'Blood Sport' Popular in California, but Lawmaker Calling for Ban
Feb. 7, 2006 — -- In the San Francisco Bay Area recently, a group of greyhound owners gathered at a restaurant before the sun came up to prepare for a day of hunting.
They wouldn't be doing the hunting themselves -- their animals would, in a blood sport called coursing, in which dogs chase and kill jack rabbits for points.
Coursing has been banned in several states and also in England.

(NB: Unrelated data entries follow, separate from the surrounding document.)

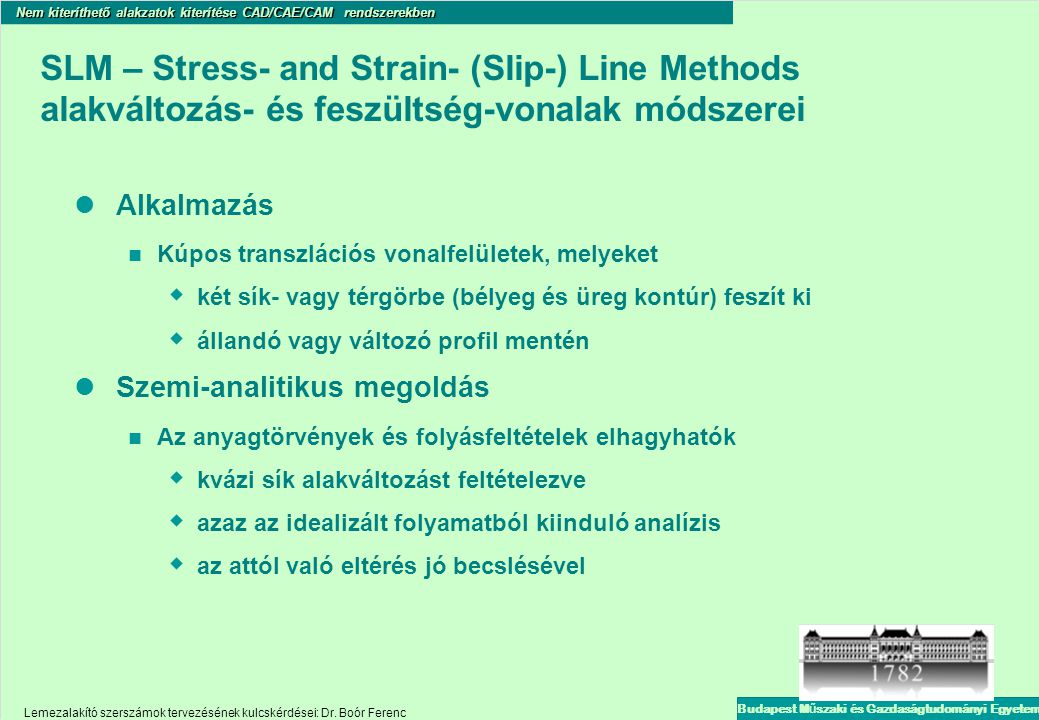 SLM – Stress- and Strain- (Slip-) Line Methods alakváltozás- és feszültség-vonalak módszerei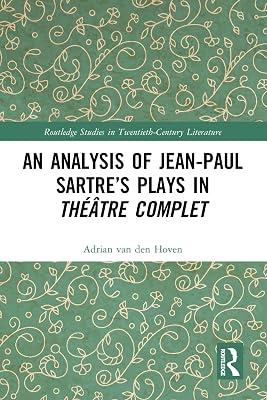 An Analysis of Jean-paul Sartre’s Plays in Théâtre Complet (Routledge Studies in Twentieth-century Literature) by Van Den Hoven, Adrian | Paperback | Literary Criticism 2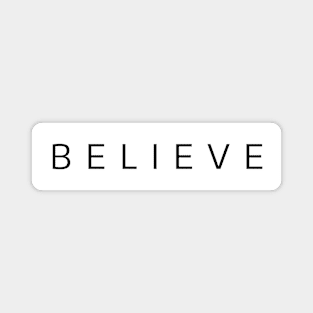 "Believe" black and white quote Magnet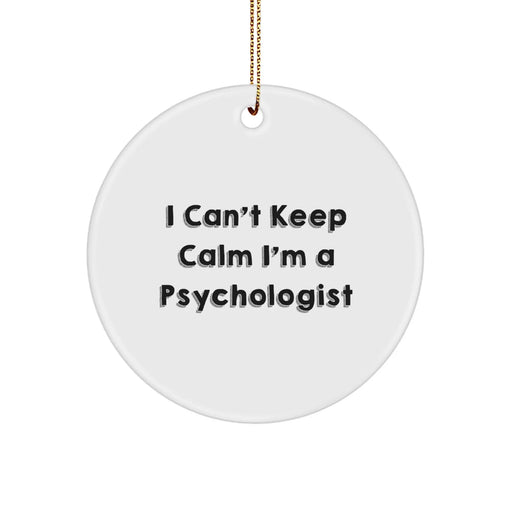 Funny Psychologist Gifts, I Can't Keep Calm I'm A Psychologist Christmas Ornament, Circle Shaped White MDF - Image 1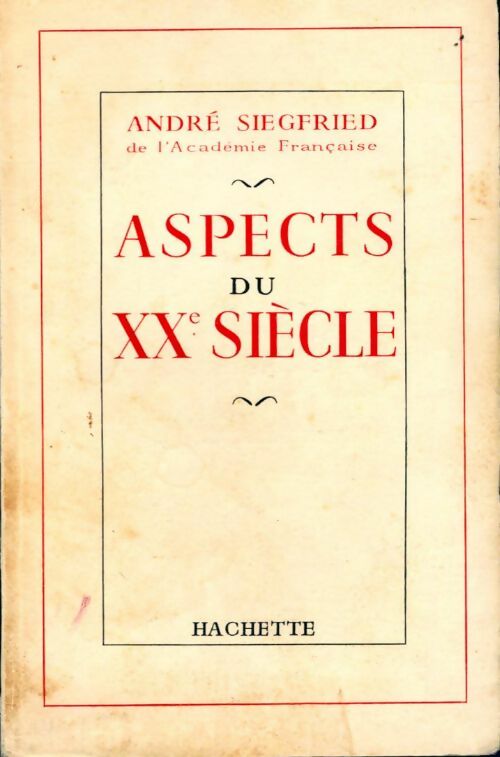 Aspects du XXe siècle - André Siegfried -  Hachette GF - Livre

Enthusiasts of the sport defend it as simply another form of hunting, but animal rights activists call it barbaric, and one California assemblywoman has vowed to pass legislation to ban it.
Frank Morales, a computer analyst for the San Francisco school district, is vice president of the National Open Field Coursing Association, founded in 1964. Morales says coursing is actually more humane to the rabbits than shooting them with shotguns.

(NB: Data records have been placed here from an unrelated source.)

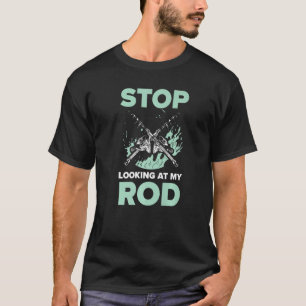 Stop met kijken naar mijn hengel Vist visvangst T-shirt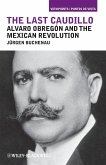 The Last Caudillo: Alvaro Obregón and the Mexican Revolution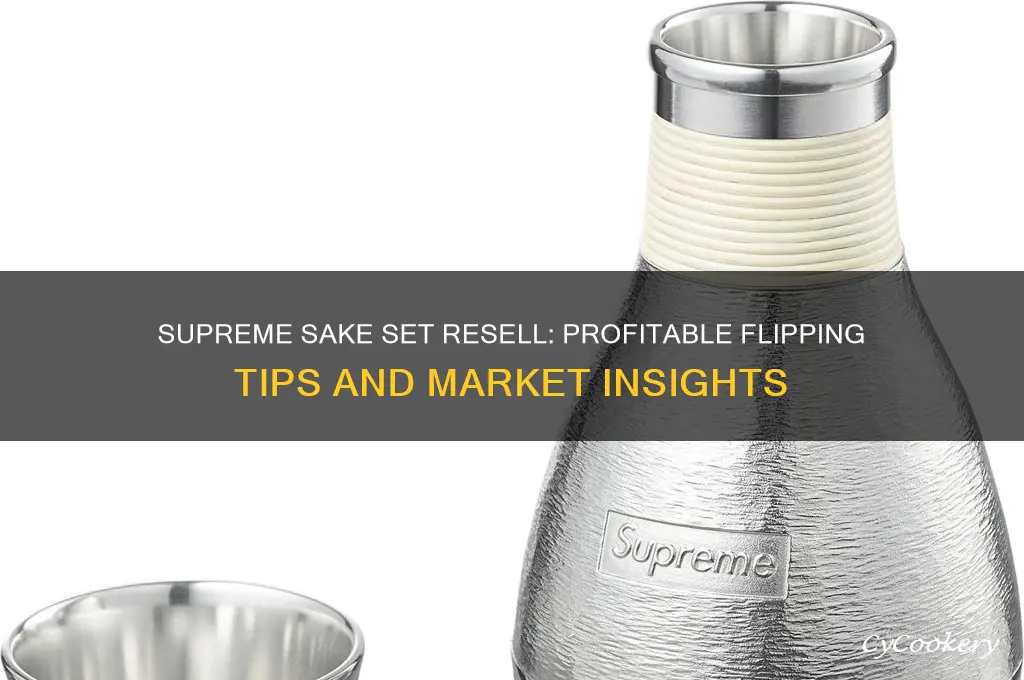 supreme sake set resell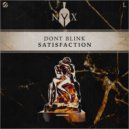 DONT BLINK - SATISFACTION (Extended Mix)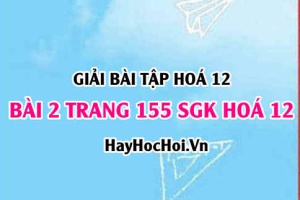 Giải bài 2 trang 155 SGK Hoá 12: Tính chất hoá học của Crom Cr, hợp chất của Crom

"There's a lot less chance of a hare being injured and having to limp off somewhere," Morales said. "They are either caught or they get away, whereas people with shotguns often wound animals and leave them out there."
At the restaurant, the greyhound owners drew the order in which their dogs would compete. Then they drove their trailers to a farm field just off Interstate 80, and the heats began.
The dogs raced three at a time, while their owners walked at the front. The rest of the owners and spectators formed a straight line to the rear and tried to flush out jack rabbits from the woods. When a rabbit bolted into the open, the handlers released their dogs after the hunt master called, "tally-ho!"
The dogs get points for how aggressively they pursue the rabbit, for each time they make it turn and for killing it.
"It's a hundred-point maximum system, and there's up to 25 points for speed, agility and endurance," said Morales.
A few times, the rabbit got away -- through a fence or into a drainage pipe. But most of the time the rabbit died -- and usually a slow, painful death. One tug of war between dog and rabbit went on for a minute and 45 seconds.